Das Bier will verdient sein

Eine besonderen Attraktion ist die Treppe Montagne de Bueren. Wer die sportliche Herausforderung annimmt und ihre 374 Stufen erklimmt, wird mit einem herrlichen Ausblick belohnt. Etwas extremer ist die Veranstaltung «L’everest de Bueren», die diesen Sommer zum zweiten Mal stattgefunden hat: 132-mal müssen die Athleten treppauf und -ab steigen und so 8850 Höhenmeter, also die Höhe des Everests, bewältigen. Uns hingegen brachte schon das einmalige Erlebnis ins Schwitzen…

Wer sich nun etwas ausruhen will, dem bieten sich dafür die adretten Cafés an der Place de la marché an. Unter lauschigen Kastanienblättern nippt man hier besonders atmosphärisch an einem der weltberühmten belgischen Biere. Zu empfehlen ist das «Triple Karmeliet», ein blond-crèmiges Bier mit fruchtigem Geschmack und hohem Alkoholgehalt. Gleich um die Ecke kommen Liebhaber von Süssgebäck und leckeren Gaufres bei «Saperlipopette» auf ihre Kosten, und die besten Frites der Stadt sind in der Friterie du Perron auf der gegenüberliegenden Strassenseite erhältlich. 

In Lüttich stösst man auf die Spuren des Krimiautors und Maigret-Erfinders Georges Simenon.

Für belgisches Flair und Lebenslust steht auch das Viertel Outremeuse, das auf einer Insel in der Maas liegt und bequem über die Brücke Pont des Arches erreicht wird. In jeder Strasse finden sich kleine Restaurants mit attraktiven Speisen. Einst lebten hier rebellische Bürger, die sich von Herrschern und Fürsten losgesagt hatten, in einer selbsterklärten «freien Republik».

Ausserdem stösst man hier auf die Spuren des wahrscheinlich bekanntesten Lüttichers, des Krimiautors und Maigret-Erfinders Georges Simenon. Obschon Simenon die meiste Zeit im Ausland lebte, lässt er seinen Kommissar Maigret mit Vorliebe in Outremeuse ermitteln. Touristen können während eines zweistündigen Spaziergangs mit Audioguide die Schauplätze der Verbrechen besuchen. Ausgangspunkt ist die Maison du Tourisme an der Place Saint-Lambert.

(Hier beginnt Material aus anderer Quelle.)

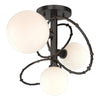 Hubbardton Forge Oil Rubbed Bronze Opal Glass (Gg) Olympus 3-Light Semi-Flush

Wer den Tag in der Bar «Le pot au lait» ausklingen lässt, ist endgültig auf dem Lièger Olymp angekommen. Die Bar mit ihrem einzigartigen Dekor gilt als echter Geheimtipp: Gefühlte tausendmal kommt man hier vorbei und entdeckt jedes Mal ein neues originelles Kunstwerk. Die Bar ist in den frühen Abendstunden der Mittelpunkt des studentischen Lebens, bevor sich dieses später ins Carré verabschiedet, ein Geflecht aus engen Gassen mit überlauten Kneipen mitten im Stadtkern. Am Wochenende macht da manch einer die Nacht zum Tag.

  • Anreisen: Der Thalys fährt fünfmal täglich von Köln nach Lüttich.
  • Ausspannen: Am ersten Samstag im Oktober erhellen 15’000 Kerzen die Montagne de Bueren. Dazu gibt es Musik auf der Strasse, Theatervorstellungen und offene Türen.
  • Ansehen: 100 Jahre 1. Weltkrieg: Ausstellung im Bahnhof Liège-Guillemins und Musée de la vie wallonne bis 31. Mai 2015, Öffnungszeiten: täglich von 9.30 bis 18.30 Uhr.